If you want to, you can configure the errors with custom status code and messages. For this, you pass a failAction method, which receives the objects request, h, err. You then define the error message, status code and other attributes with err.output.payload. Here is an example:

server.route({
  method: 'GET',
  path: '/scan',
  options: {
    validate: {
      query: schema.scan_req_schema,
      failAction: async (request, h, err) => {
        err.reformat();
        err.output.payload = {
          statusCode: 420,
          error: 'Bad Request',
          message: 'error, invalid or missing query param `url`',
          query: request.query
        };
        return err;
      }
    }
  }
  [...]

Now, when calling the url with invalid parameters, you receive this custom object. Nice!

curl localhost:8080/scan?ur=http://test

{"statusCode":420,"error":"Bad Request","message":"error, invalid or missing query param `url`","query":{}}

Logging

Text-based logging is enabled by default: Use server.log for generic, and request.log for request specific log infos. Log statements follow the best practices of differentiating log levels. Then, you specify the log message and/or objects that are logged.
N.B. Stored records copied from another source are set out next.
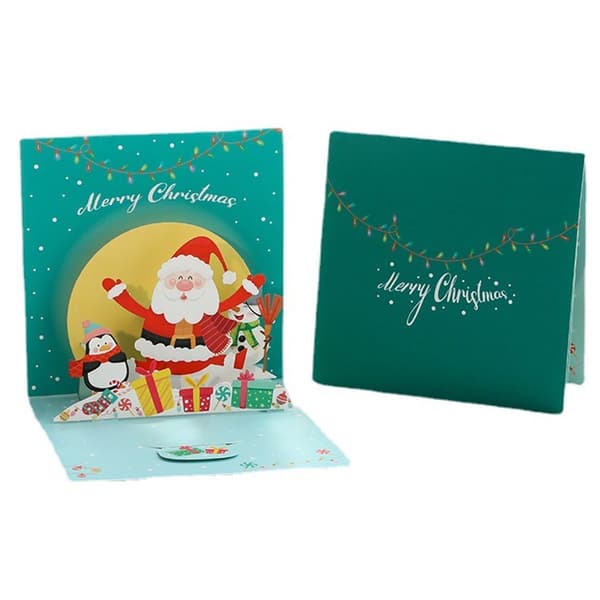 3D Christmas Tree Card, Creative Christmas Gift, Christmas Tree Card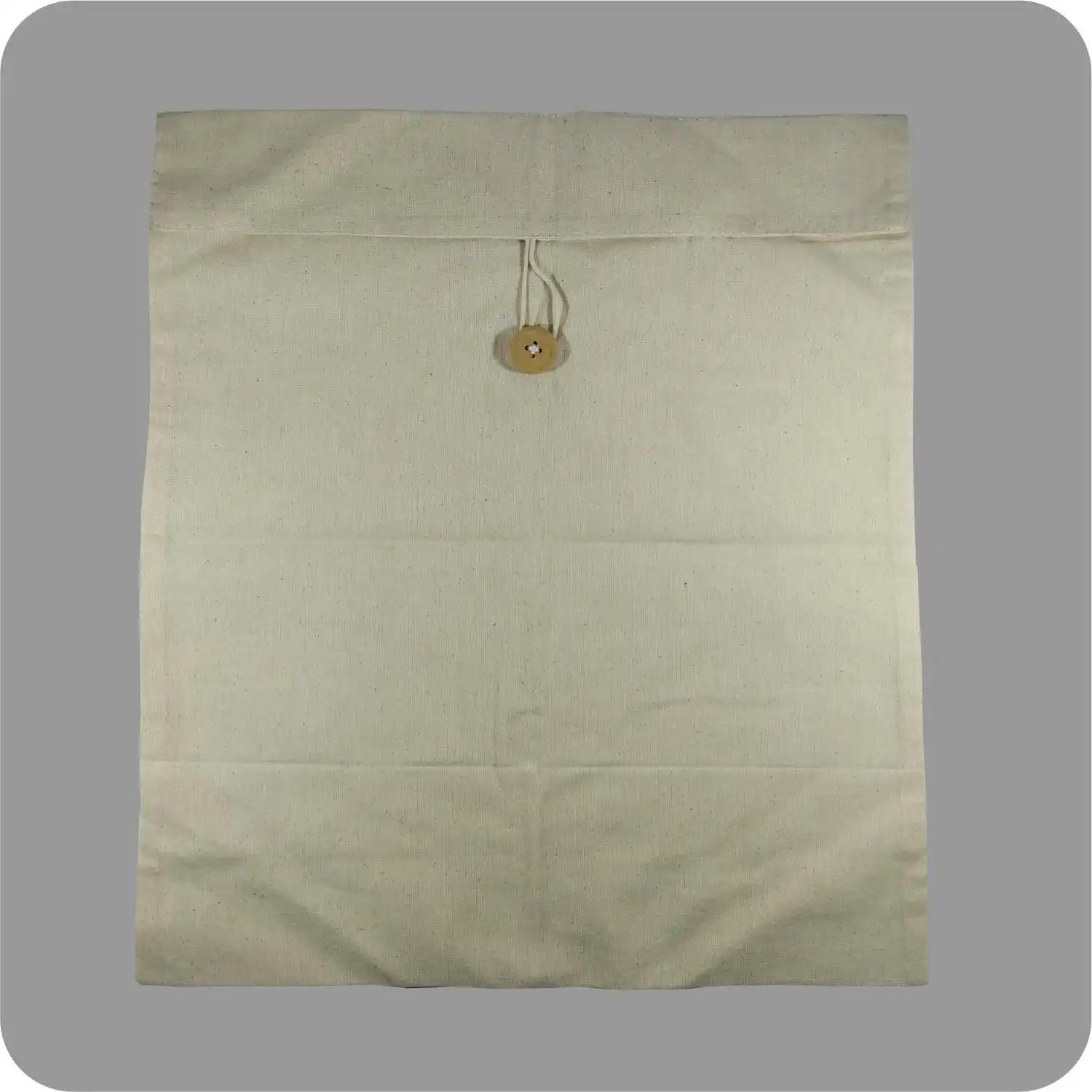 Reusable 100% Cotton 16x18 Inch Saree Cover / Garments Cover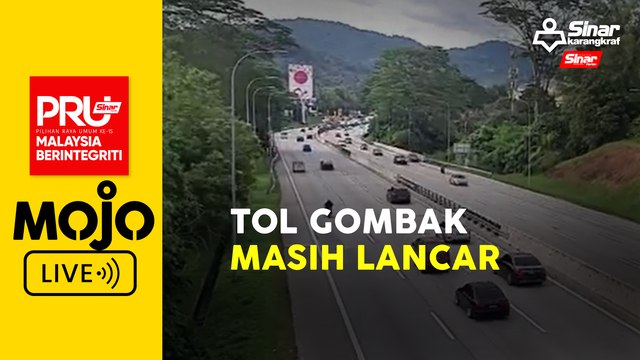 Balik undi: Trafik di Plaza Tol Gombak mulai sesak tapi lancar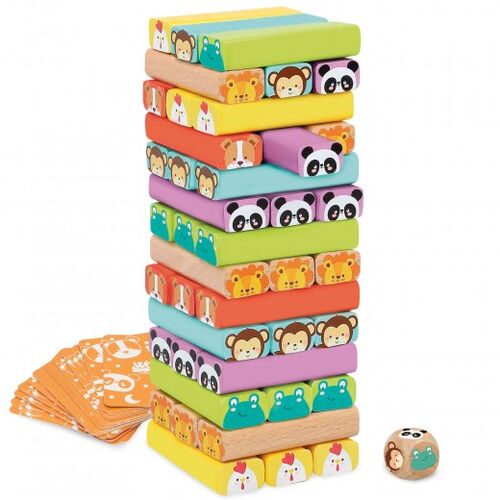 WOOMAX JUEGO TORRE BLOQUES MADERA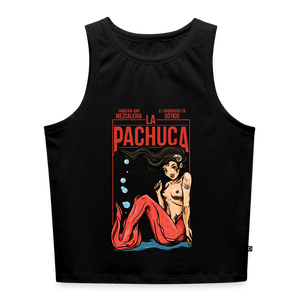 Crop Top La Sirena - negro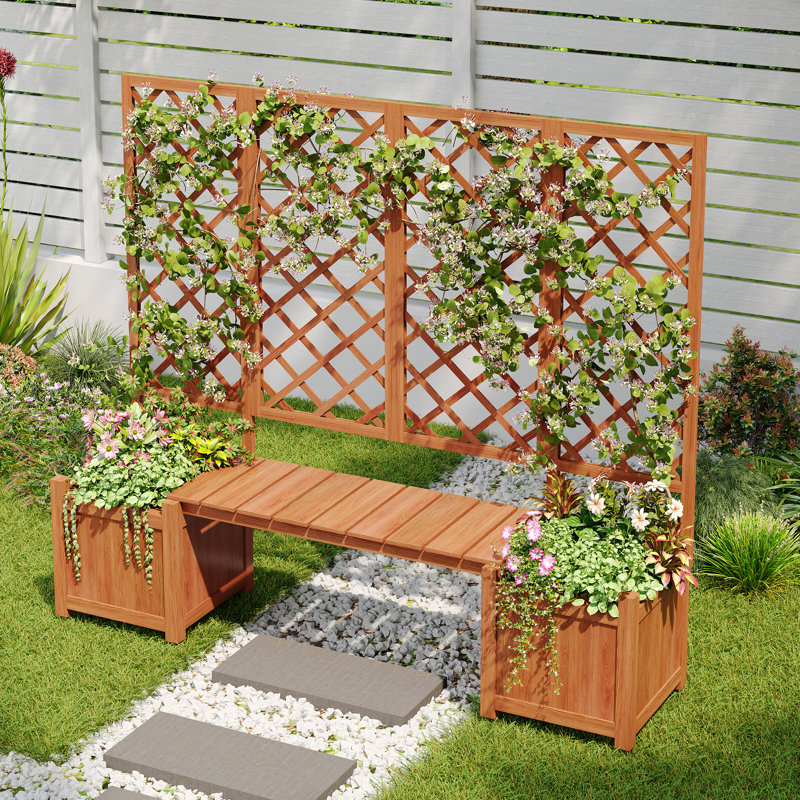 Wood Planter Box, Brown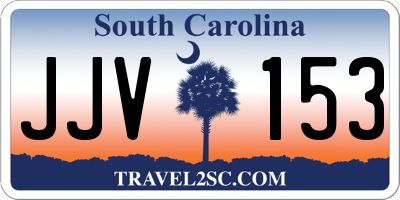 SC license plate JJV153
I'm using the lightweight and fast Pino JSON logger. It comes as the hapi-pino plugin and is configured as follow:

await server.register({
  plugin: require('hapi-pino'),
  options: {
    prettyPrint: true,
    timestamp: true,
    redact: ['req.headers.authorization']
  }
});

When called during startup, like server.log('info', { msg: 'BOOTING server' }) log messages look like this:

[1588089561261] INFO  (34757 on midi.local):
  tags: [
    "info"
  ]
  data: {
    "msg": "BOOTING server"
  }

When called for requests, like request.log('info', { msg, url, uuid }) it prints also useful information about the request object.
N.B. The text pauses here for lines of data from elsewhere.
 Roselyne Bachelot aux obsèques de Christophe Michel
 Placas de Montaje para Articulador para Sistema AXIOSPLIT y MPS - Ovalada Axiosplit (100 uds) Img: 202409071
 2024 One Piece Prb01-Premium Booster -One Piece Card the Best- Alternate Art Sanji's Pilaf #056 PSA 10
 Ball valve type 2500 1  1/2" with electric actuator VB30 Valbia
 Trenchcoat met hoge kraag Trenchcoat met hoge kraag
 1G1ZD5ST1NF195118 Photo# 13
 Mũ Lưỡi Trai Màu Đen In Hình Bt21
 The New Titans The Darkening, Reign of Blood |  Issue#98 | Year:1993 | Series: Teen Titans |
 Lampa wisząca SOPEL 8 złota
[1588089765043] INFO  (34757 on midi.local):
  tags: [
    "REQUEST /scan"
  ]
  req: {
    "id": "1588089765042:midi.local:34757:k9k3irup:10005",
    "method": "get",
    "url": "http://localhost:8080/scan?url=http://test",
    "headers": {
      "host": "localhost:8080",
      "user-agent": "curl/7.64.1",
      "accept": "*/*"
    },
    "remoteAddress": "127.0.0.1",
    "remotePort": 56808
  }

Complete Example

Let’s put all of the discussed features together in one example.
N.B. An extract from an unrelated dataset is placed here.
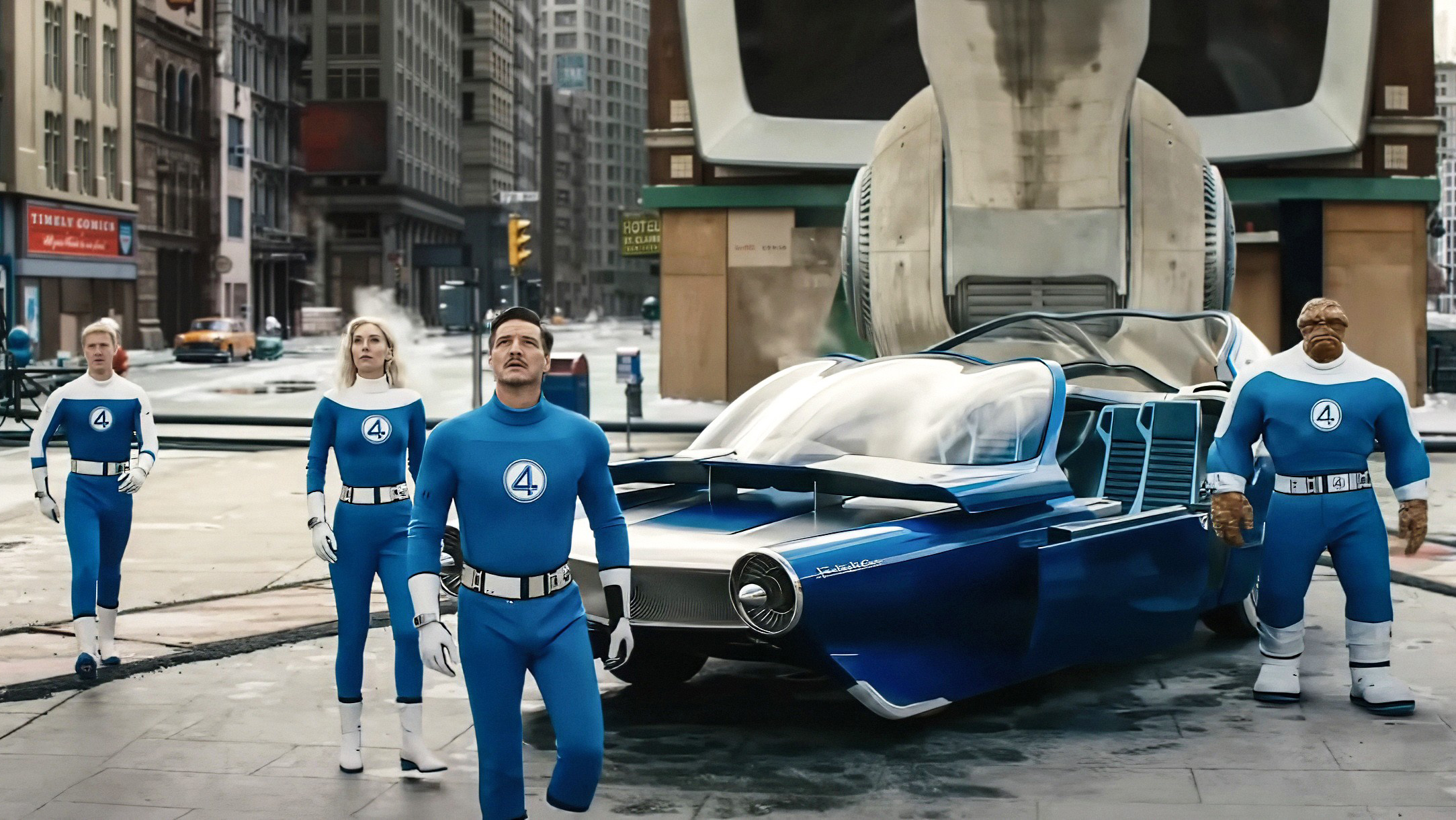 Reações Iniciais de 'Quarteto Fantástico' Elogiam Efeitos Visuais e Roteiro Brilhante: "Um dos Melhores da Marvel"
const hapi = require('@hapi/hapi');
const qs = require('qs');

const { schema } = require('.//images/blog/light/schema');
const { scanner } = require('.//images/blog/light/scanner');

async function init() {
  const server = hapi.server({
    port: 5135,
    host: 'localhost',
    query: { parser: (query) => qs.parse(query) }
  });

  server.route({
    method: 'GET',
    path: '/scan',
    options: {
      validate: {
        query: schema.scan_req_schema
      },
      response: { schema: schema.scan_res_schema }
    },
    handler: async (request, h) => {
      const { url } = request.query;
      const { msg, err, uuid } = await scanner.run(url, request);

      if (err) {
        request.log('error', { msg, url });
        return h.response({ msg }).header('Retry-After', '30s').code(429);
      }

      request.log('info', { msg, url, uuid });
      return h.response({ msg, uuid }).code(202);
    }
  });

  await server.register({
    plugin: require('hapi-pino'),
    options: {
      prettyPrint: true,
      timestamp: true,
      redact: ['req.headers.authorization']
    }
  });

  await server.start();
  server.log('info', { msg: 'BOOTING server' });
}

init();

Conclusion

Hapi is enterprise express. It offers sensitive defaults for error handling, validation and logging. Application code is compact and very readable. The carefully curated core modules and plugins enhance this very robust framework. When you would use plain express in your next project, consider to use Hapi instead. You will be delighted.